21 – Agony on the Cross

21 – Agony on the Cross 2017-01-08T05:18:55+00:00

Sabbath, May 27, 2017

“Their Saviour had been rejected and condemned, and nailed to the ignominious cross. The Jewish priests and rulers had declared, in scorn, ‘He saved others; Himself He cannot save. If He be the King of Israel, let Him now come down from the cross, and we will believe Him.’ But that cross, that instrument of shame and torture, brought hope and salvation to the world. The believers rallied; their hopelessness and conscious helplessness had left them. They were transformed in character, and united in the bonds of Christian love.” –Testimonies to Ministers and Gospel Workers, p. 67.
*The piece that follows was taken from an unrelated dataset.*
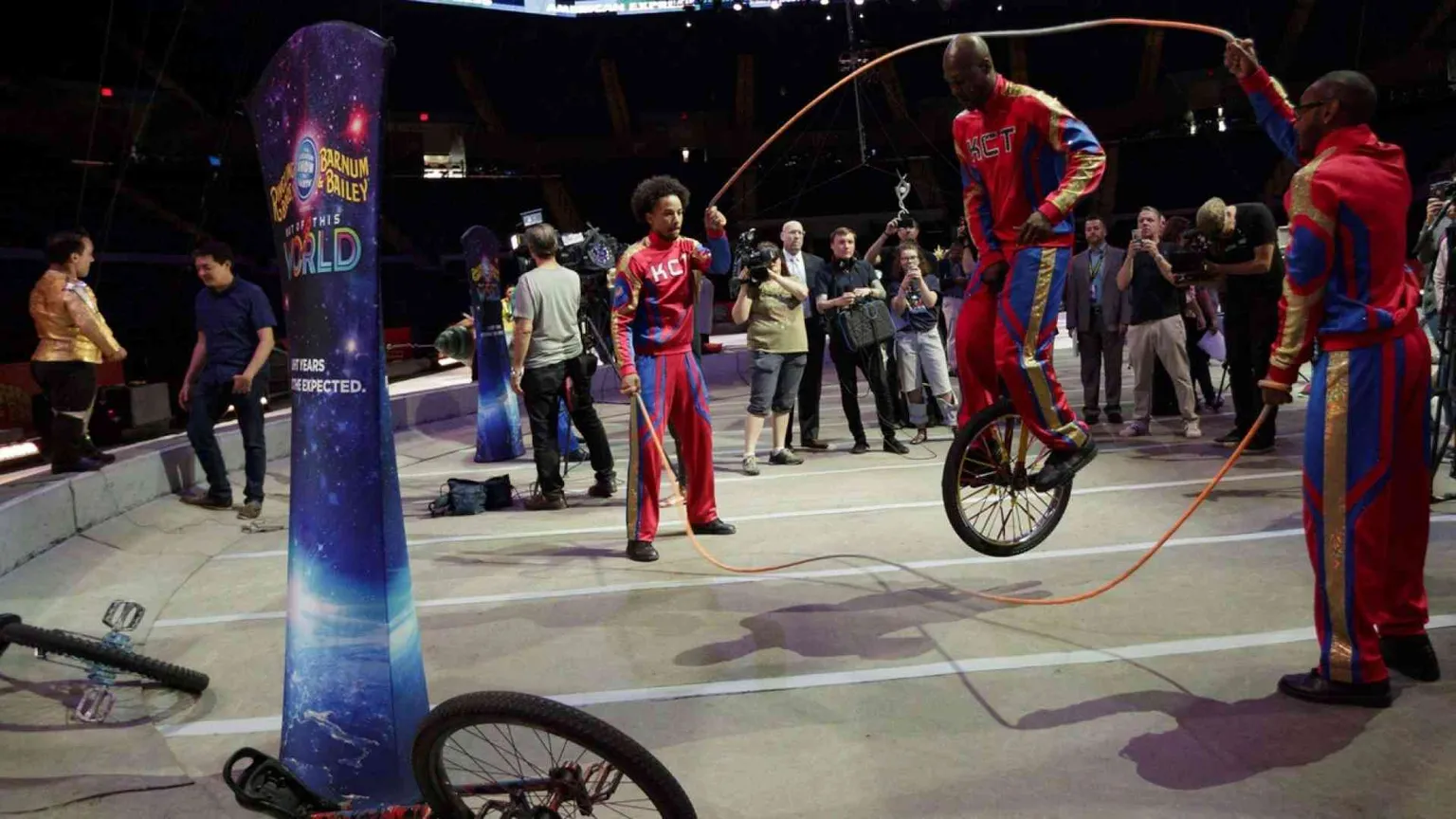 Il «mito» leva le tende: addio al circo Barnum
Far more than physical pain

1. While Jesus hung on the cross, what other torture did men inflict on Him? What disparaging remarks did some make without having the slightest knowledge of what the Saviour’s words meant?

Matthew 27:39, 40 And they that passed by reviled him, wagging their heads, 40And saying, Thou that destroyest the temple, and buildest it in three days, save thyself. If thou be the Son of God, come down from the cross. 

“Many would be followers of Christ if He would come down from the cross and appear to them in such a manner as they desire. If He would come with riches and pleasure, many would receive Him gladly and would be in haste to crown Him Lord of all. If He would only lay aside His humiliation and sufferings and cry, ‘If any man will come after Me, let him please himself and enjoy the world and he shall be My disciple,’ multitudes would believe on Him. 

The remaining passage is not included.